===== Material for the task =====
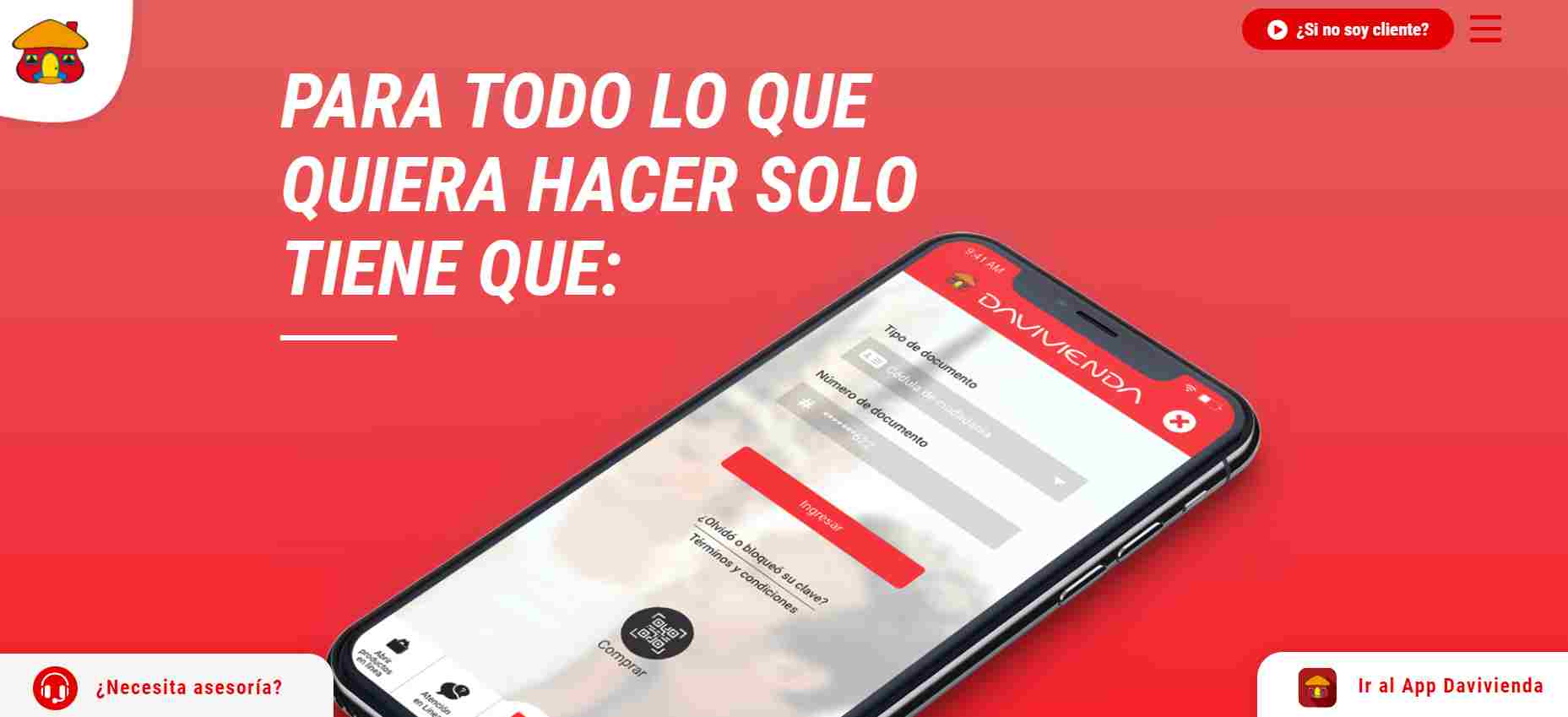 Revisar saldo del Ingreso Solidario en Davivienda móvil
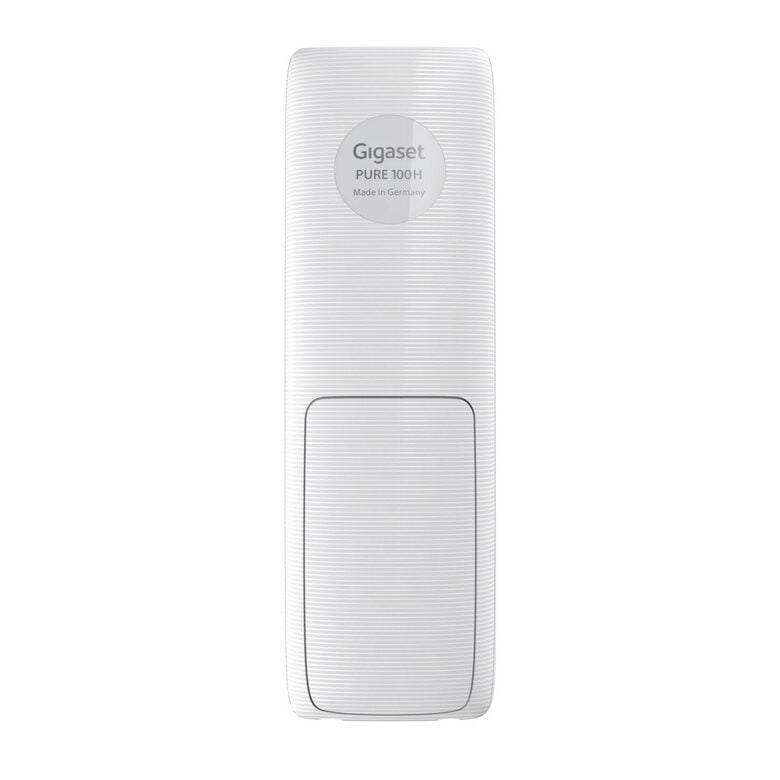 Gigaset PURE 100 Telefono analogico/DECT Identificatore di chiamata Bianco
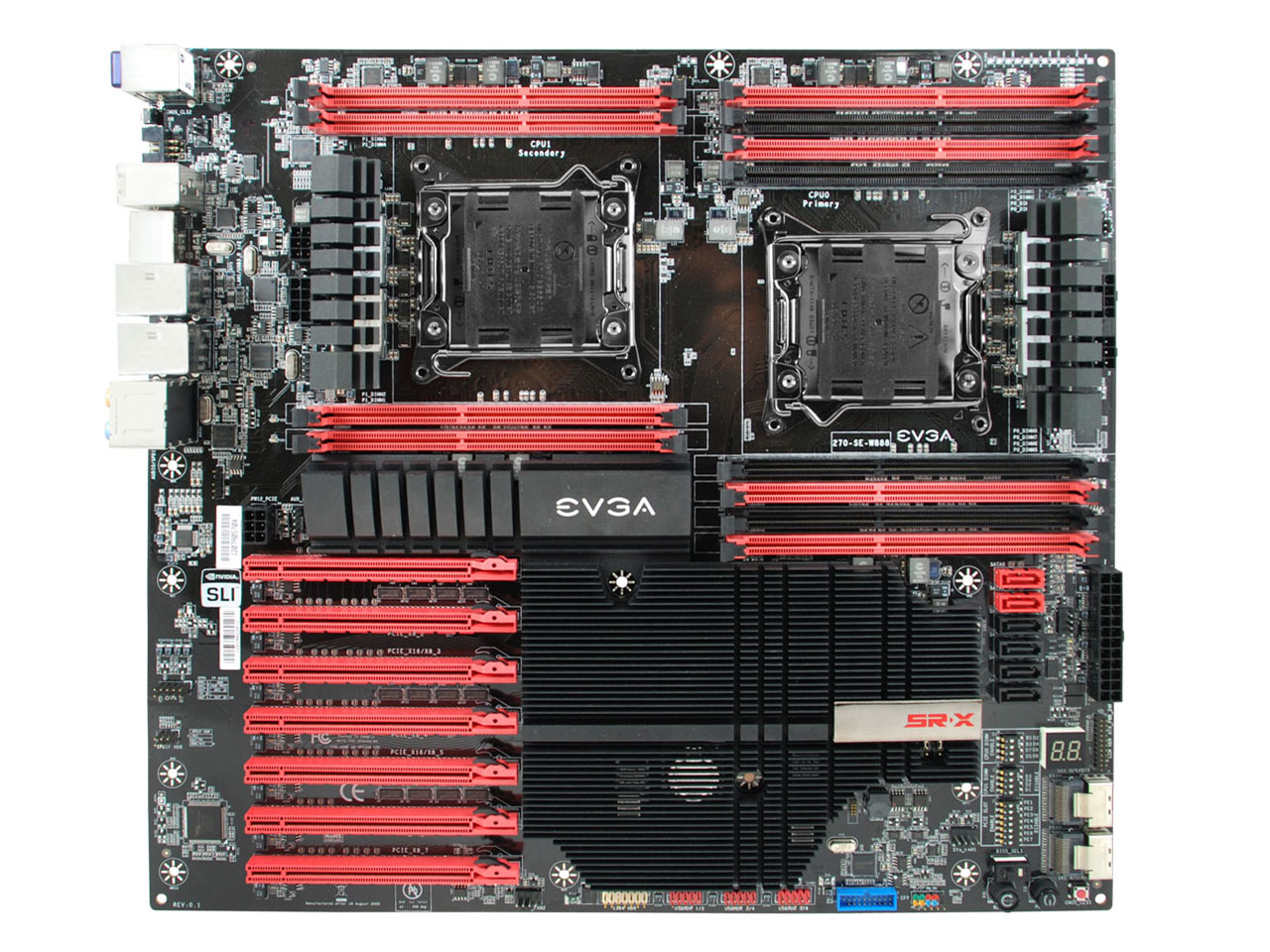 EVGA Classified SR-X 270-SE-W888-KR �̐��i�摜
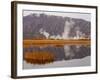 Geysers and Fumeroles of the Uzon Volcano, Kronotsky Zapovednik Reserve, Kamchatka, Russia-Igor Shpilenok-Framed Photographic Print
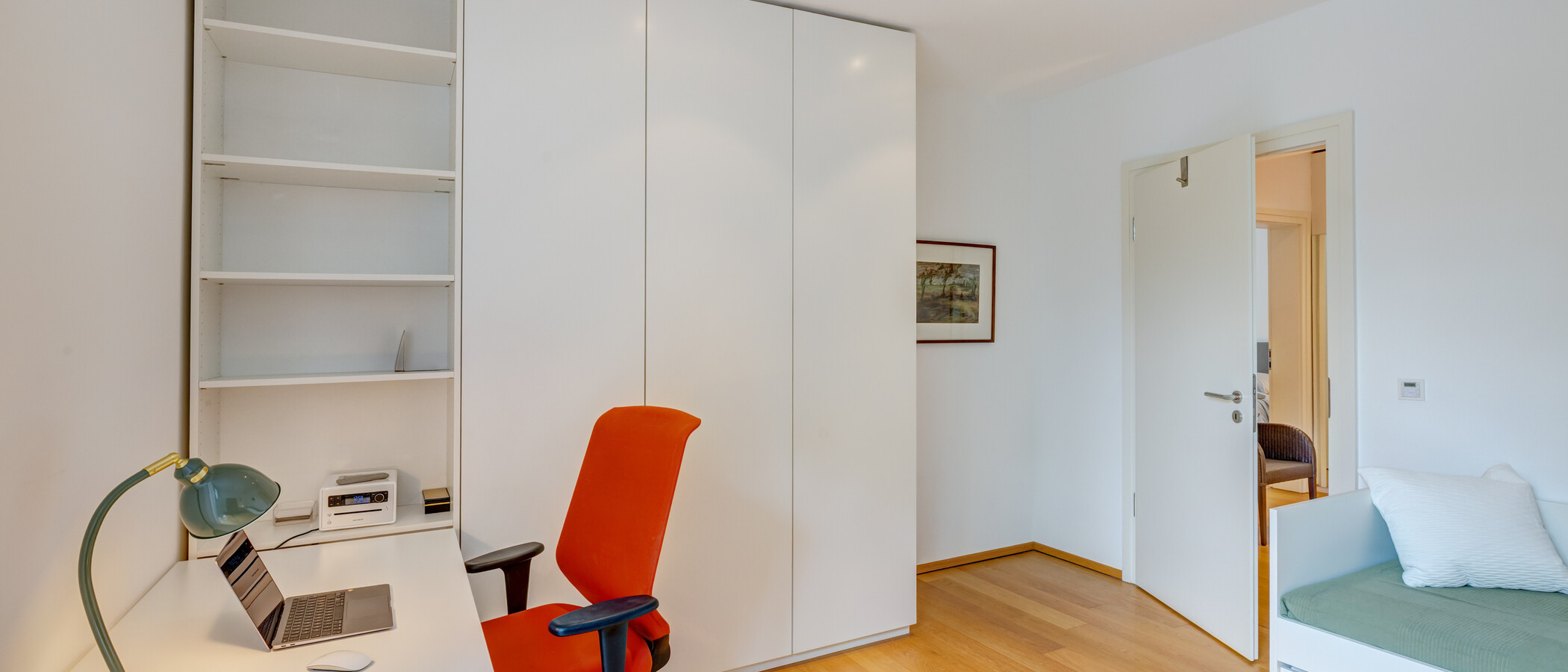 apartamento München Bogenhausen 01 Oficina / Habitación de invitados 14869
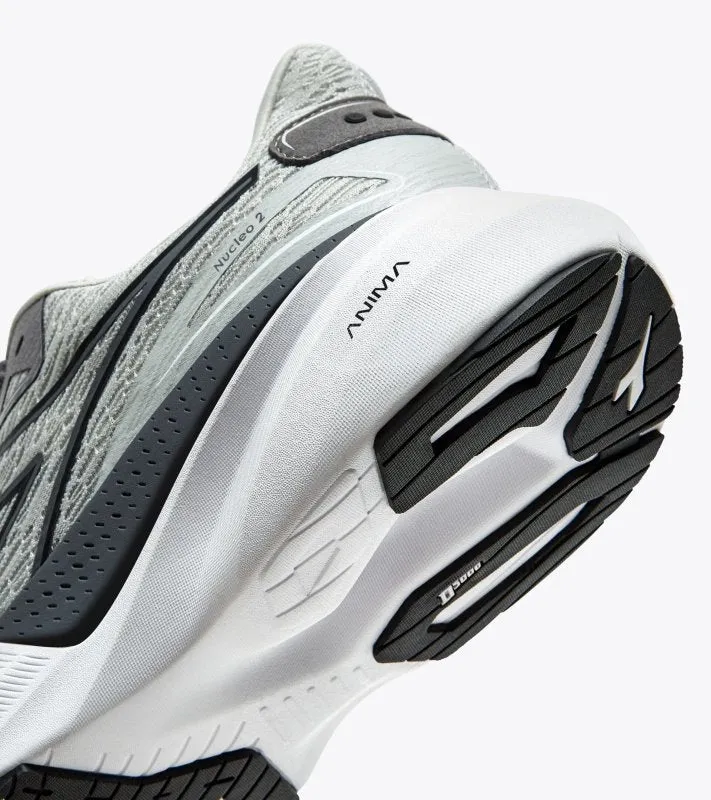 Diadora Men's Nucleo 2 - Silver DD/Steel Gray/Black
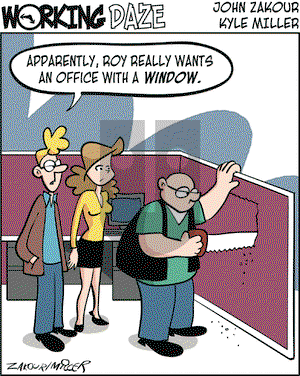 Working Daze on Tuesday May 29, 2007 Comic Strip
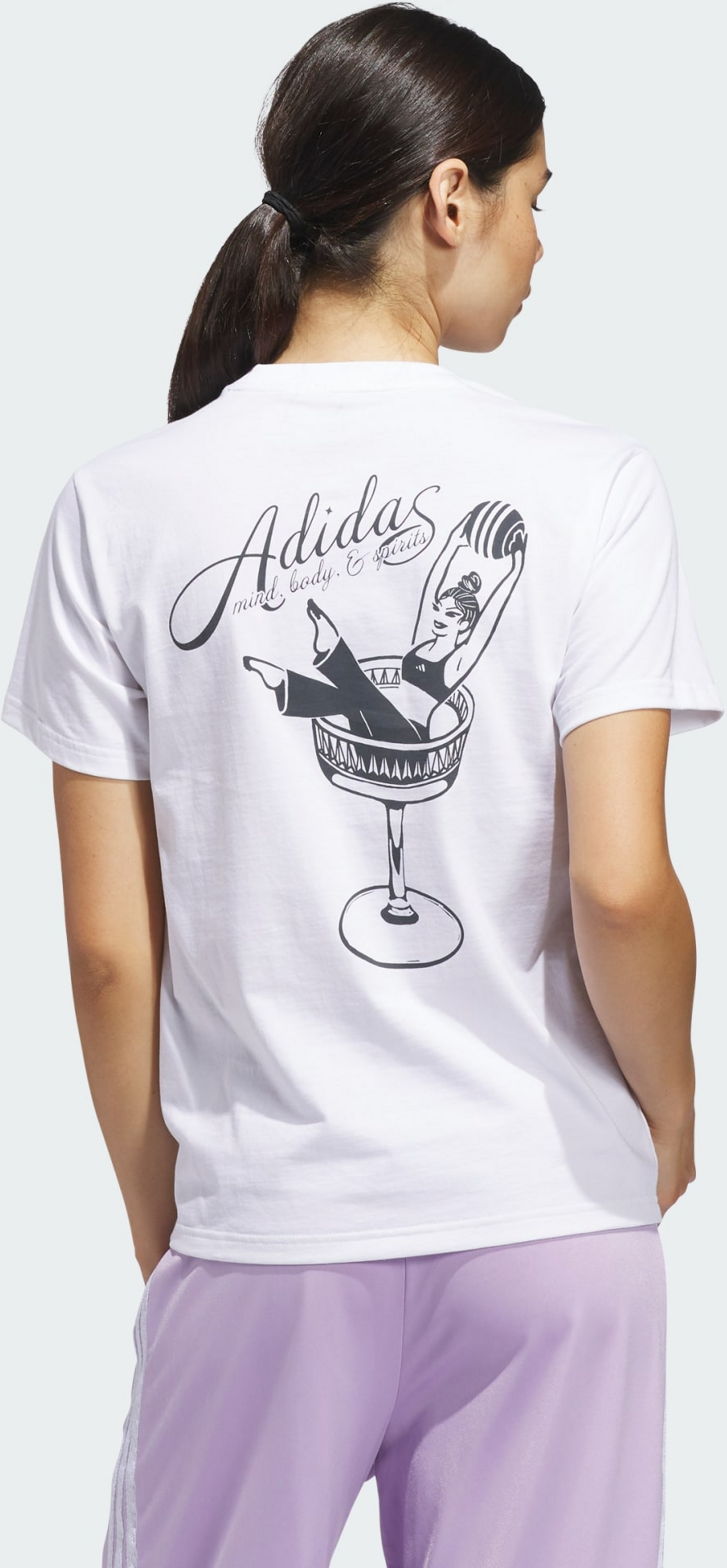 ADIDAS, Adidas Mind Body Spirit Grafisk T-shirt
=====
Your instructions ::
Only the lines from the line with "Geysers and Fumeroles" through the closing line of the data, both included, should be set down, exactly as written and without pictures.

Response area ::
 Geysers and Fumeroles of the Uzon Volcano, Kronotsky Zapovednik Reserve, Kamchatka, Russia-Igor Shpilenok-Framed Photographic Print
 apartamento München Bogenhausen 01 Oficina / Habitación de invitados 14869
 Diadora Men's Nucleo 2 - Silver DD/Steel Gray/Black
 Working Daze on Tuesday May 29, 2007 Comic Strip
 ADIDAS, Adidas Mind Body Spirit Grafisk T-shirt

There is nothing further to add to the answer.